Still, some law enforcement agencies are skeptical the changes will improve the growing number of fictitious license plate cases they’re investigating. And it’ll be months before they know for sure how effective the new measures are since both the new and old license plate designs will be on the road for about 60 days.

The DMV’s eTAG system, used to produce dealer and buyer paper tags, is improving some tags so they are more difficult to copy and feature a “security star,” said Jeremiah Kuntz, director of the DMV’s Vehicle Titles and Registration Division.

“We’ve got all of our new tags that actually have security threads in them,” he said. “We also have a symbol in the top, right corner to prevent somebody from just making duplicate photocopies of the same tag.”

The new system went into effect on Monday, but both new and older designs may be seen on the road for the next 60 days since tags issued before then may not be expired yet.

“It’s to be seen over the next 60 days to 90 days, what the criminal element’s gonna do about these tags,” said Sgt. Joe Escribano, with Travis County Constable’s Precinct 3. “I’m very, very curious.”

Even with the new security measures, Escribano said there’s a need to educate law enforcement agencies about what to look for when they’re on patrol.

“With these counter-measures, it’s gonna be a little more difficult,” Escribano said. “It’s gonna give law enforcement a little bit more to look at.

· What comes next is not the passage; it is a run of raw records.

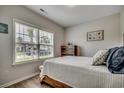 Cozy bedroom with natural light, wood floors, and neutral wall color at 316 Lifestyle Court, Surfside Beach, SC 29575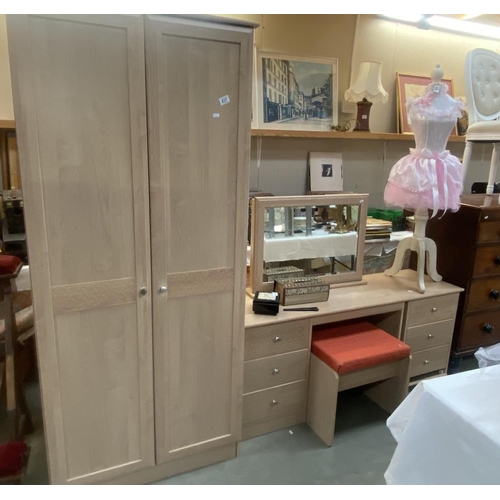 437 - A lightwood effect 3 piece bedroom suite, comprising of wardrobe, dressing table and stool and a bed... 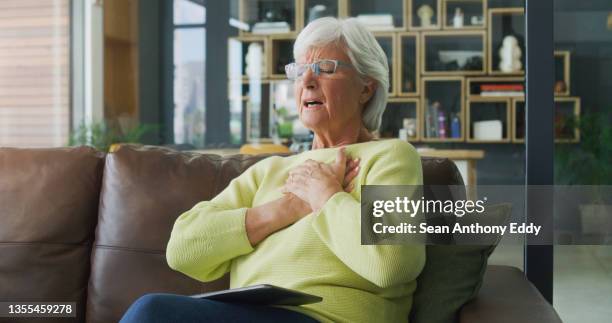 shot of a senior woman suffering from chest pain while using a digital tablet at home - gasping stock pictures, royalty-free photos & images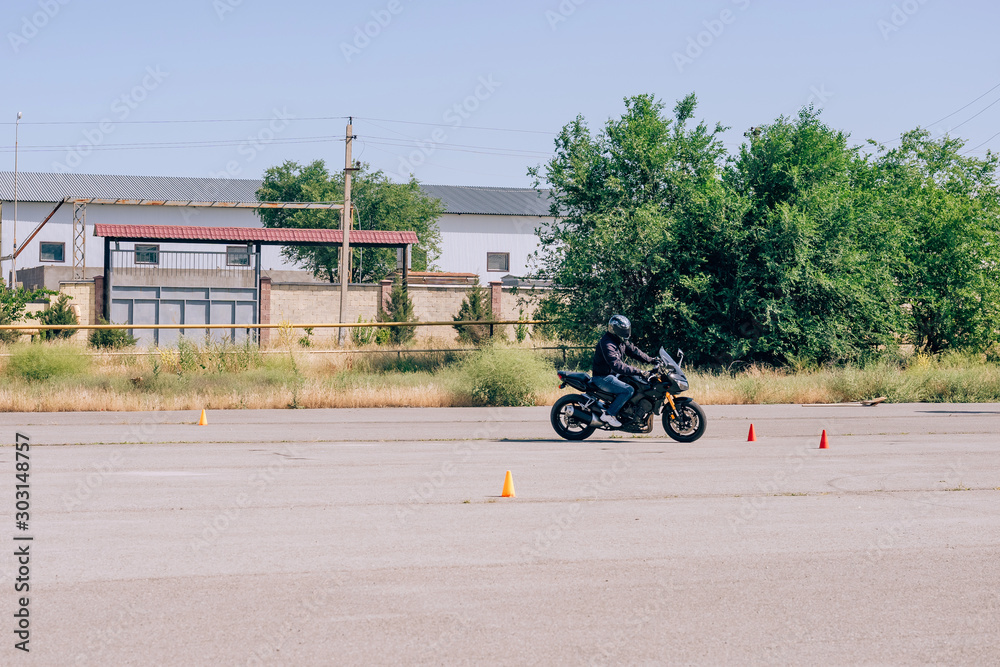 Platform for learning to drive a motorcycle. Lessons in motorcycle school. Bike driving courses for adults. Man learn to drive a bike. Improve driving skills on the training ground Stock Photo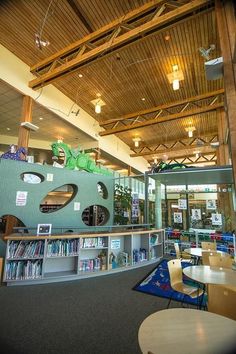 the inside of a library with tables, chairs and bookshelves filled with children's books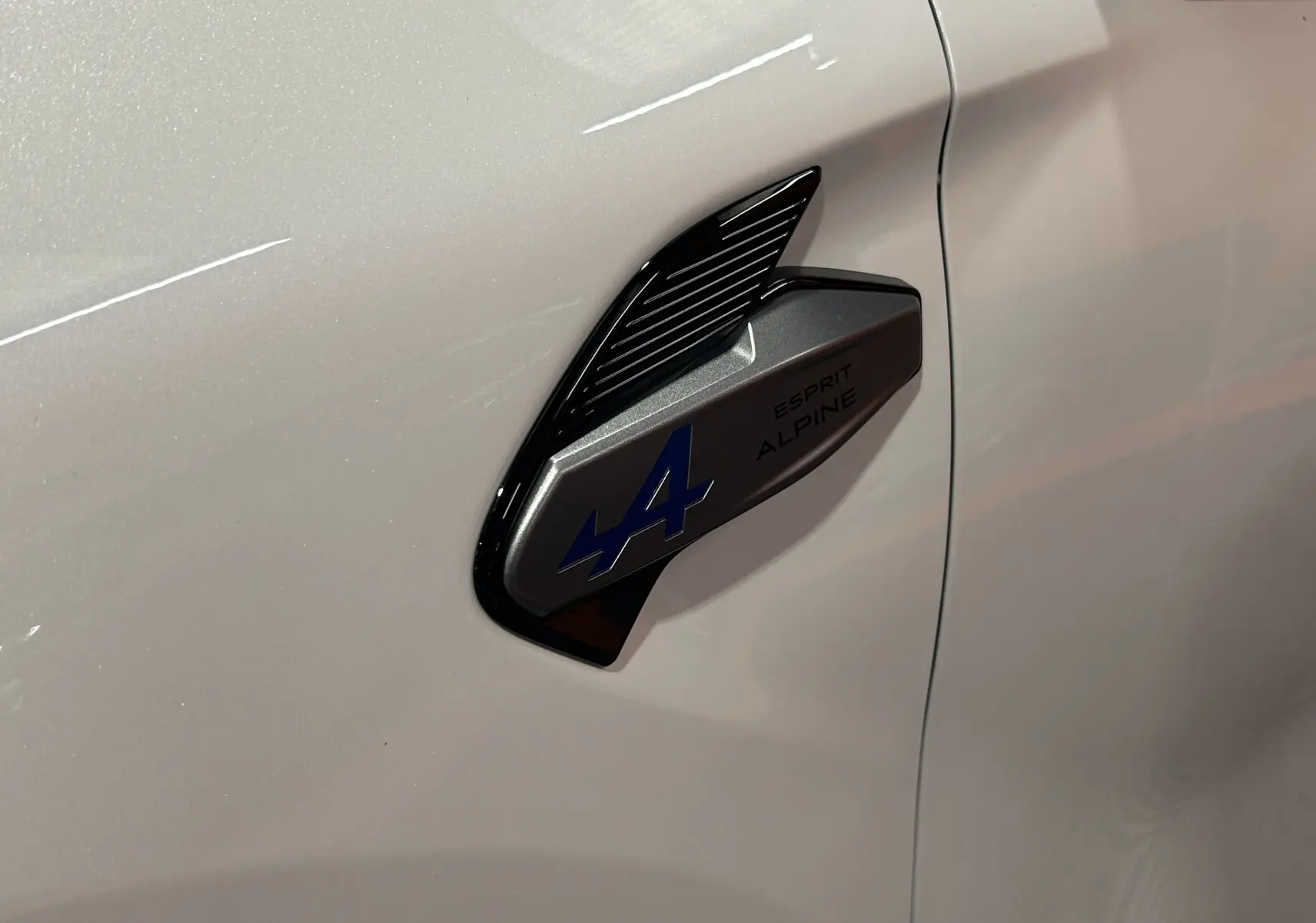 Gros plan sur l'écusson Esprit Alpine bleu et noir sur la porte blanche nacrée d'un Renault Captur II Ph.2.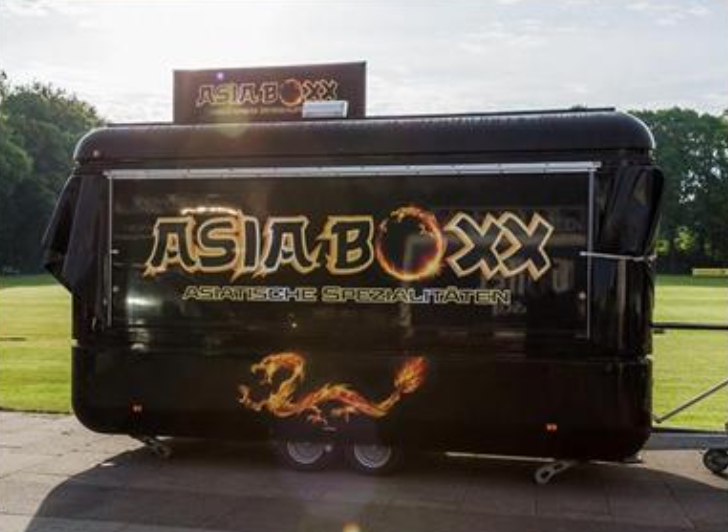 Black food truck branded with "AsiaBoxx" featuring bold, fiery typography and a stylized dragon design. The truck advertises Asian specialties and is positioned outdoors on a grassy area during daylight.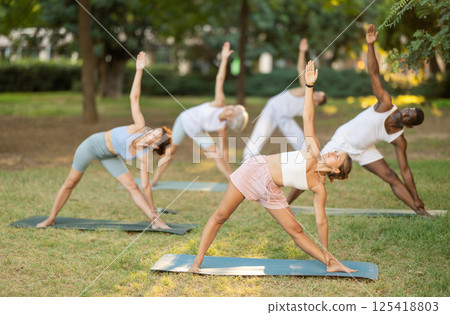 People of different ages and nationalities practice various yoga poses in summer garden People of different ages and nationalities practice various yoga poses in summer garden 125418803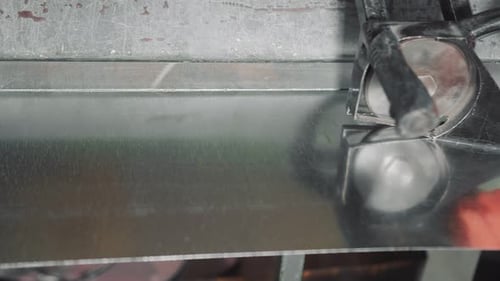 A Professional Engineer Works with a Metal Sheet. The Master Makes Incisions on a Metal Sheet To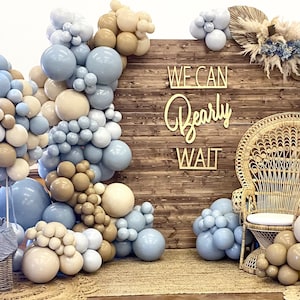 Puede incluir: Un tel&oacute;n de fondo de madera r&uacute;stica con un letrero que dice "We Can Bearly Wait". El tel&oacute;n de fondo est&aacute; decorado con globos azules y beige, una silla de mimbre y un oso de peluche en una cesta.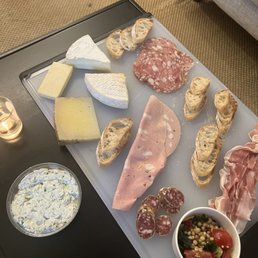 Mortadella, prosciutto, pasta salad, garlic and herb spread, ciabatta, Camembert, white cheddar Mortadella, prosciutto, pasta salad, garlic and herb spread, ciabatta, Camembert, white cheddar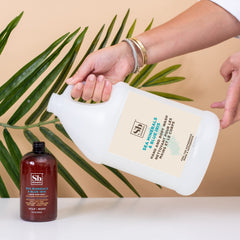 Soapbox Sea Minerals Blue Iris hand wash on hands with nourishing moisture.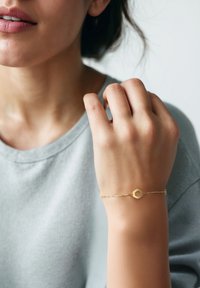 Bracelet en chaîne dorée avec un charme hexagonal, porté sur une main, sur un fond gris clair. Texture subtile et design délicat.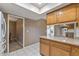 Bright kitchen space with tile flooring, granite countertops, and access to a laundry room at 10449 W Tropicana Cir, Sun City, AZ 85351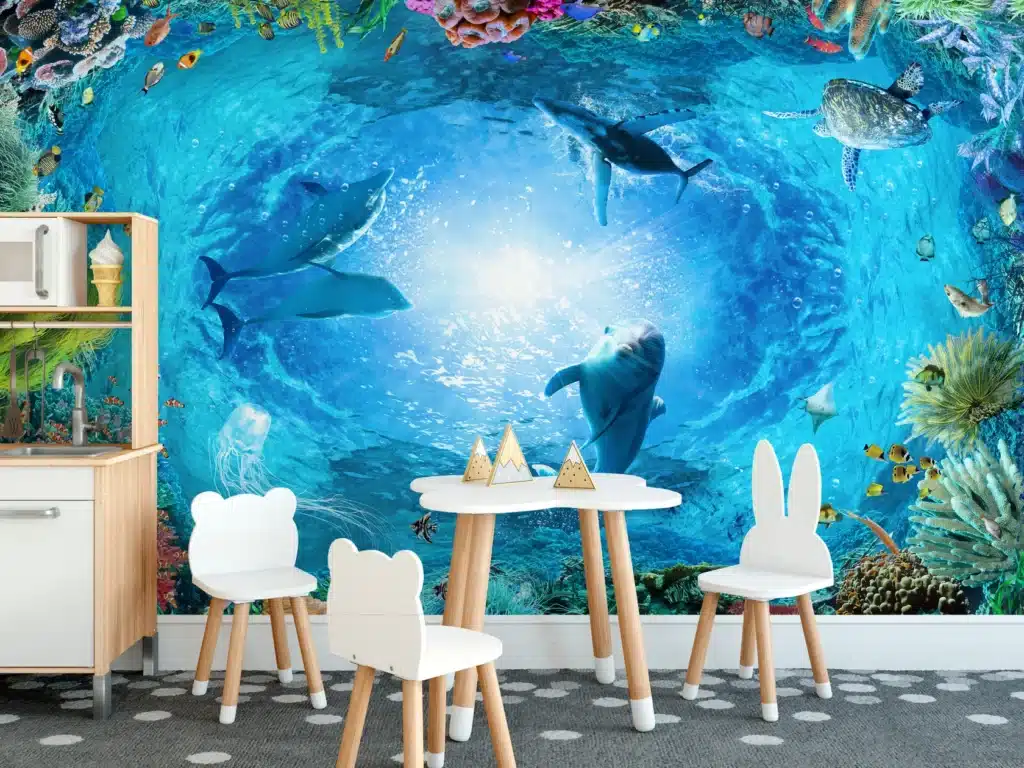 B236underwatercoralreeflandscapebackgroundinthedeepblueoceanwithcolorfulfish_87 Children's room with playful ocean-themed mural and cute animal chairs, featuring sharks, turtles, and colorful fish. | Sky Rye Design Children's room with playful ocean-themed mural and cute animal chairs, featuring sharks, turtles, and colorful fish.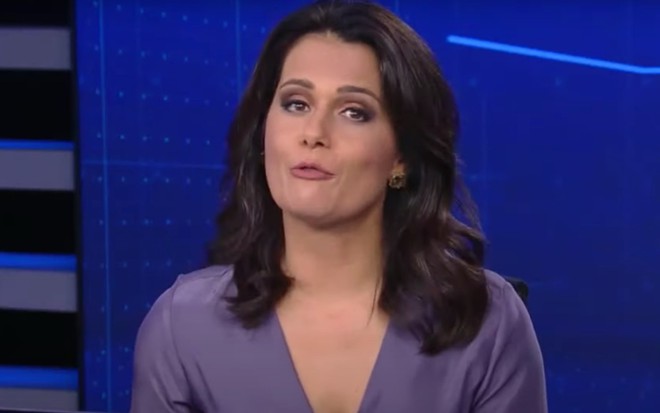 A apresentadora Adriana Araújo no cenário do Jornal da Record durante a edição de 21 de abril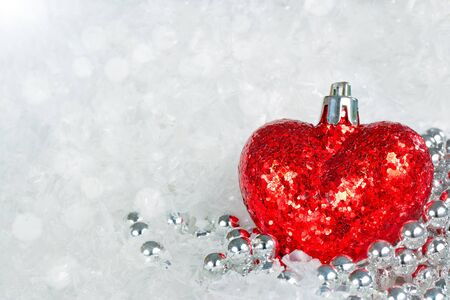 Glittering read heart with silver decorative beads with snowflakes and bokeh backgroundの写真素材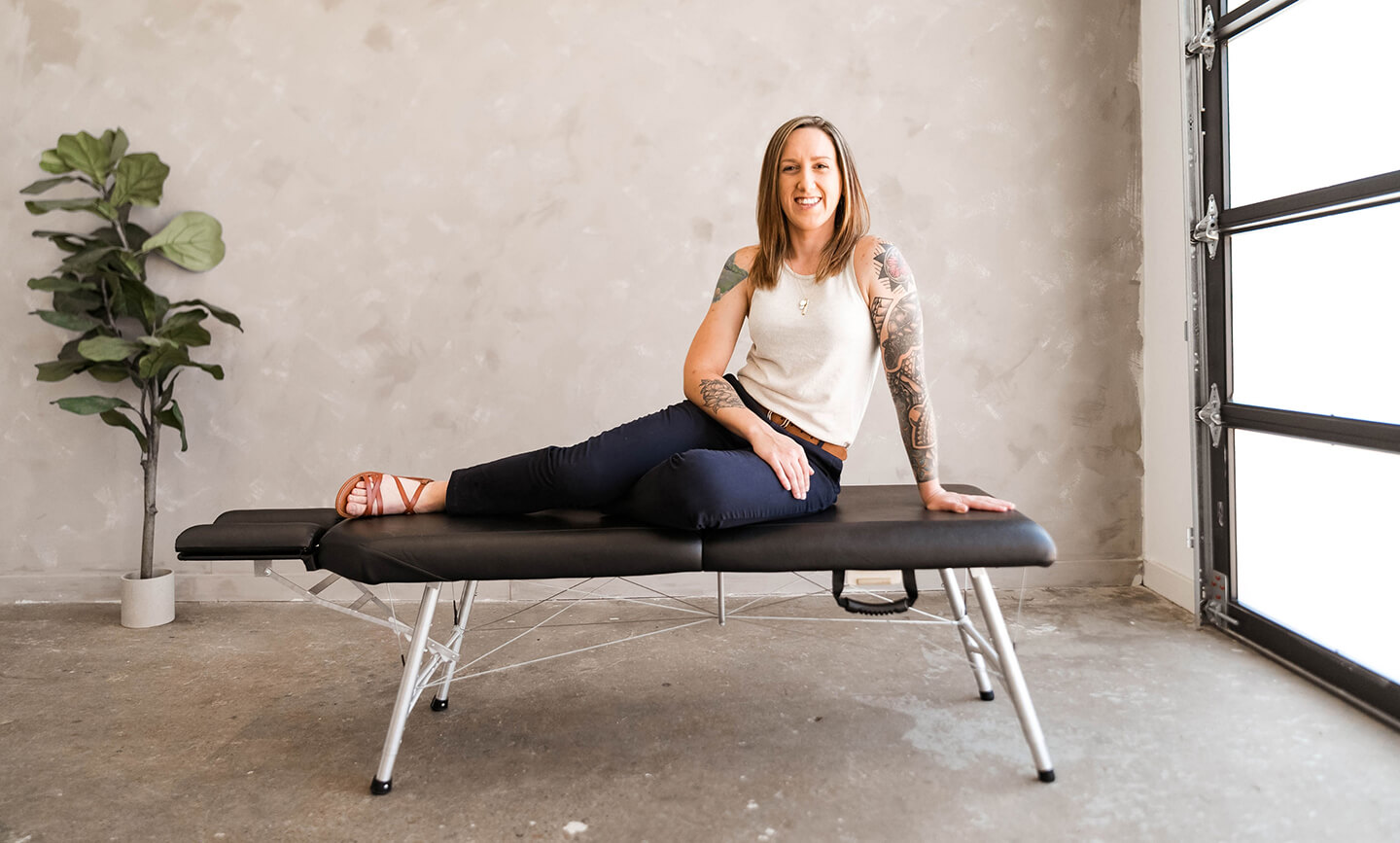 Dr. Brittany Claus on adjusting table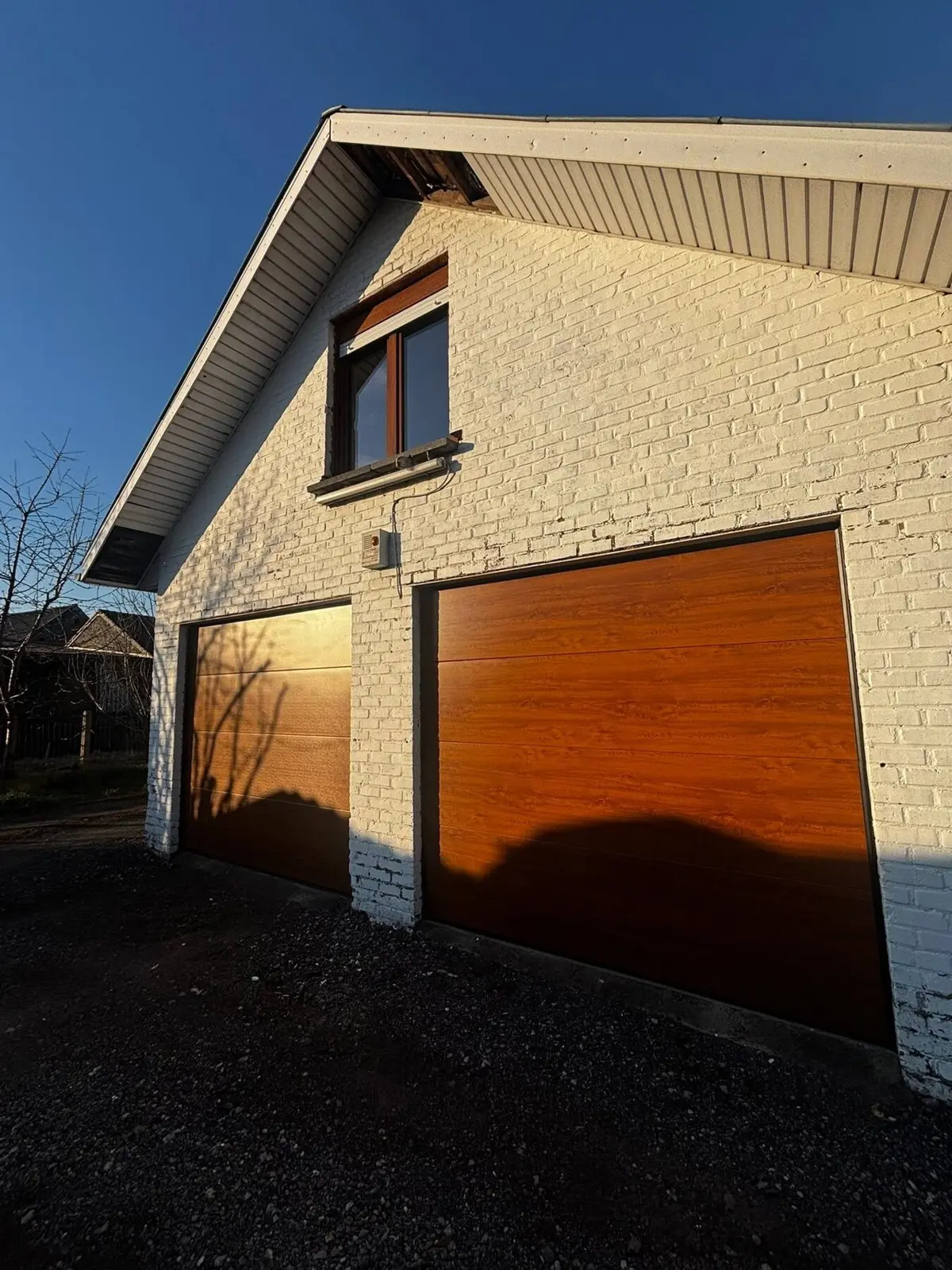 Deux portes de garage sectionnelles teinte bois posées par Arena Invest sur une maison en briques claires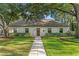 Charming single-story home with lush lawn and mature trees at 4708 W Neptune St, Tampa, FL 33629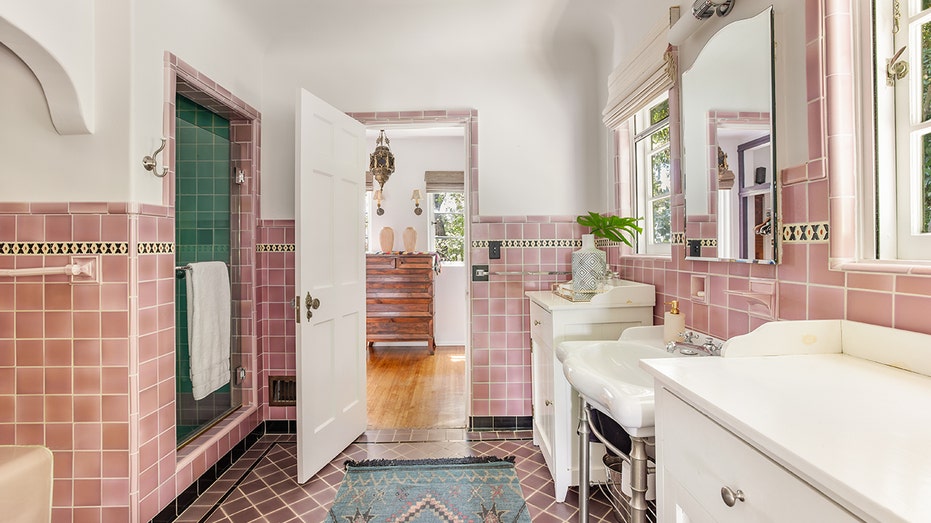 A bathroom with pink tiles.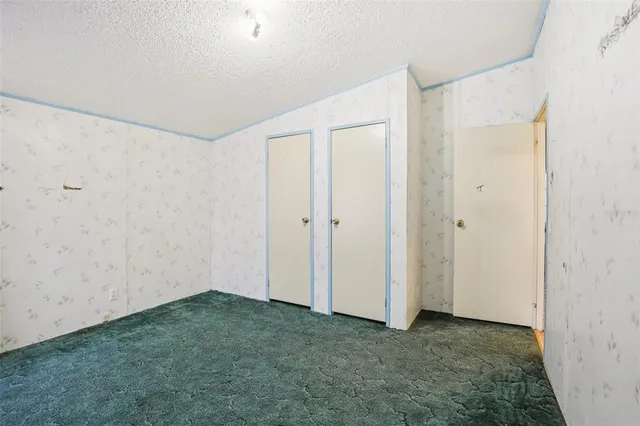 a spacious bathroom with a bathtub shower sink mirror and toilet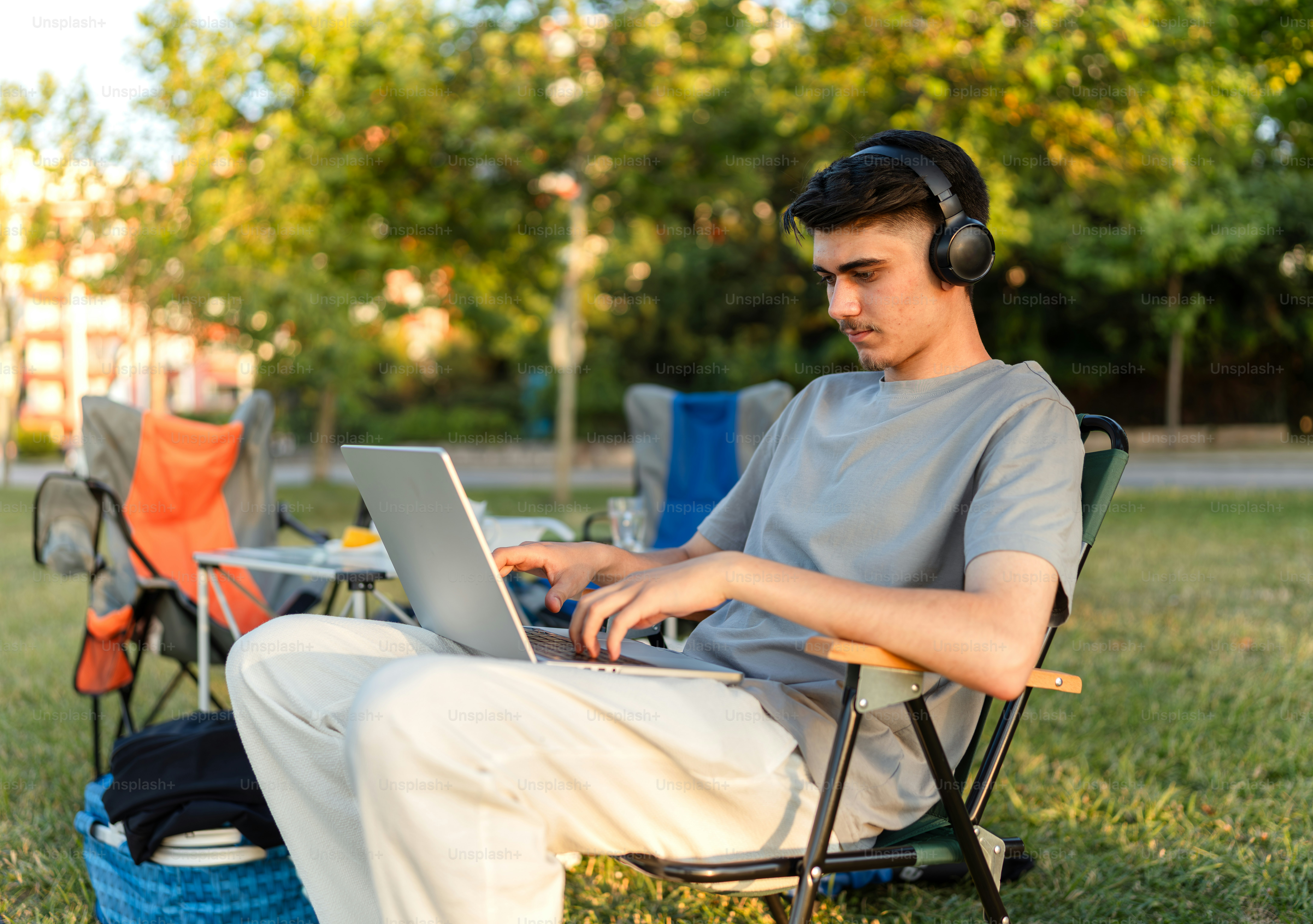 Man works on laptop in a park setting.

However, a lot of law enforcement officers still at this stage, really don’t know what they’re looking at because they haven’t really been trained in that.”

He’s already started to train other law enforcement agencies, like the Manor Police Department, who he said is now noticing an increase in fake plates.

“Over the last, let’s say two weeks, we’ve had almost like close to 15 cases, just one after the other that they’ve stopped,” Escribano said. 

His agency has also seen an increase in caseload when it comes to investigating fake license plates.

“We’re almost at where we were last year for a total already this year and we’re just sitting in April,” he said.

Currently, the new changes only apply to dealer tags, not tags obtained by individual drives, including 30-day permits, 144-hour permits, 72-hour permits and one-trip tags, which is causing some law enforcement officials to worry that fraud will continue despite the change.

Kuntz said they’re planning to add the same security features to those four tag types in June.

Even with the changes, Kuntz said the strongest security feature on paper license plates is the unique alphanumeric number, which officers can run through their database if they pull an individual over.

The number gives officers the ability to determine all the same information they would by running numbers on metal license plates, as well as who purchased the vehicle and the dealer who sold it to them.

“If law enforcement runs them and they don’t get a current vehicle in the system, then it’s gonna tell them, hey this tag is not associated with a vehicle in the system. It’s not valid, and therefore, you’ve got somebody that’s got a fraudulent tag,” Kuntz said.

He said the DMV’s IT team also revamped the web dealer system so it will allow car dealers to link a buyer’s tag with title transactions to simplify the process.

“It provides a lot of validations and security features in that system that we did not have before,” Kuntz said.